Given entries:

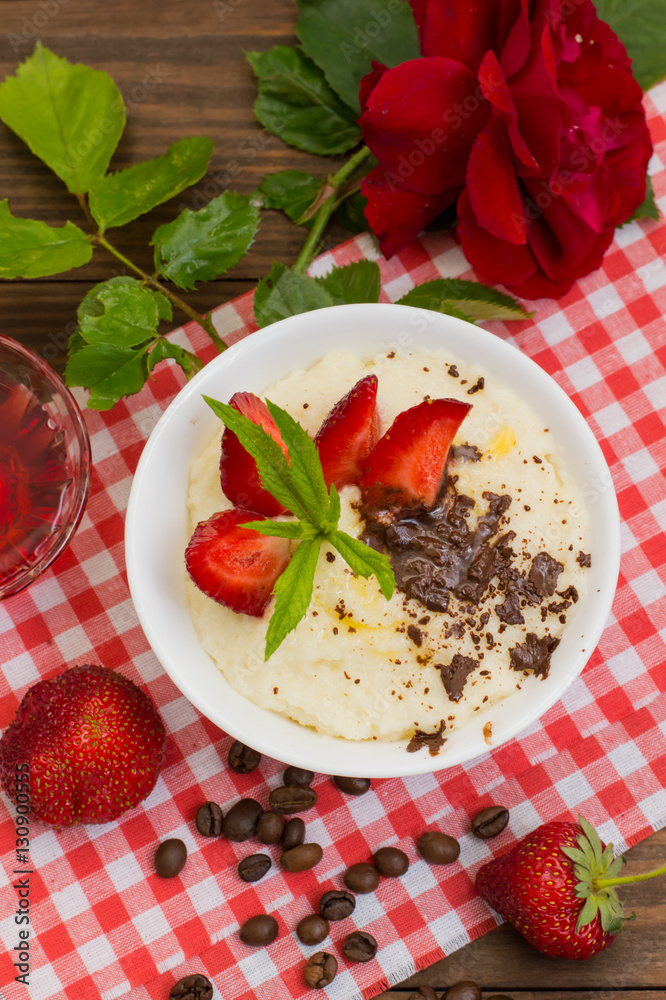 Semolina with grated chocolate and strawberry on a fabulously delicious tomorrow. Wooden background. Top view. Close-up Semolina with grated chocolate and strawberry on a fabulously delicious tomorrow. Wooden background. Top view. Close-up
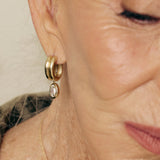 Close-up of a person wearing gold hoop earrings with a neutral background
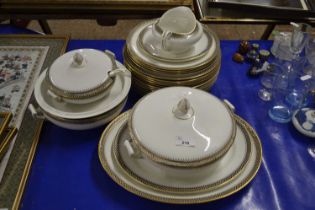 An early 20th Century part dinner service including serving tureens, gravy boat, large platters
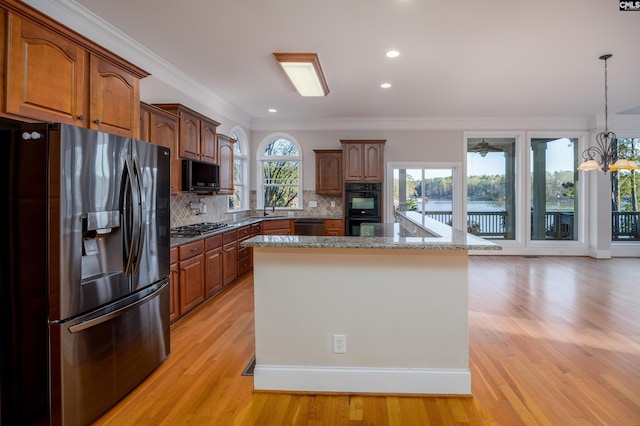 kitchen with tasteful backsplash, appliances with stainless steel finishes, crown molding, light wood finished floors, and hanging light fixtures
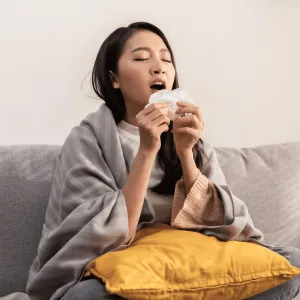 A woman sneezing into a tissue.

---

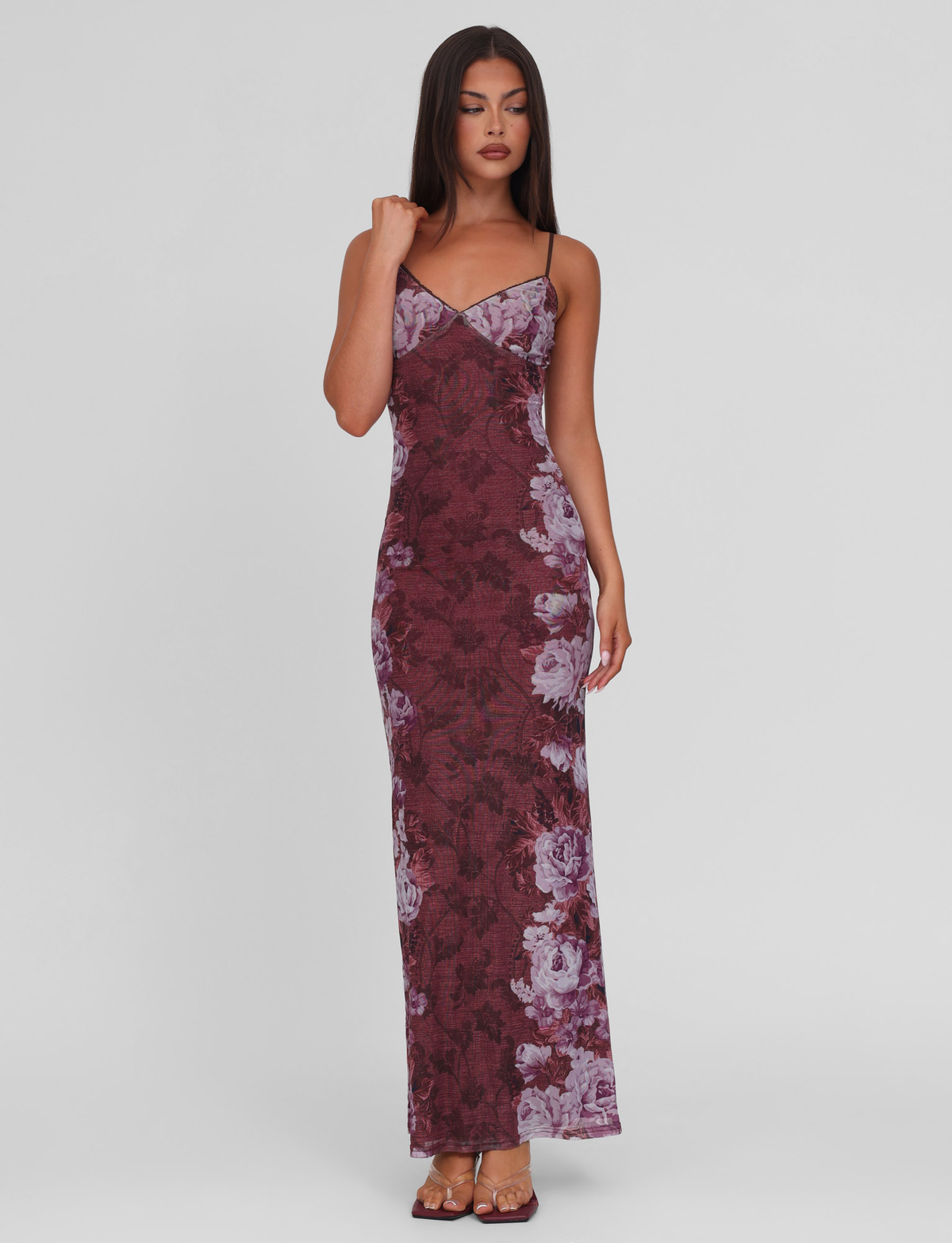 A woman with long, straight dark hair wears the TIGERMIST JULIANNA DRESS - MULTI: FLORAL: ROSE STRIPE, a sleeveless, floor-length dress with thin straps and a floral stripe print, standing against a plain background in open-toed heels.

Assignment:
Of the records above, print only the lines from the one containing "Close-up of a" through the one containing "A woman sneezing into a tissue.", inclusive and unaltered, leaving out pictures.

Result:
 Close-up of a person wearing gold hoop earrings with a neutral background
 An early 20th Century part dinner service including serving tureens, gravy boat, large platters
 kitchen with tasteful backsplash, appliances with stainless steel finishes, crown molding, light wood finished floors, and hanging light fixtures
 A woman sneezing into a tissue.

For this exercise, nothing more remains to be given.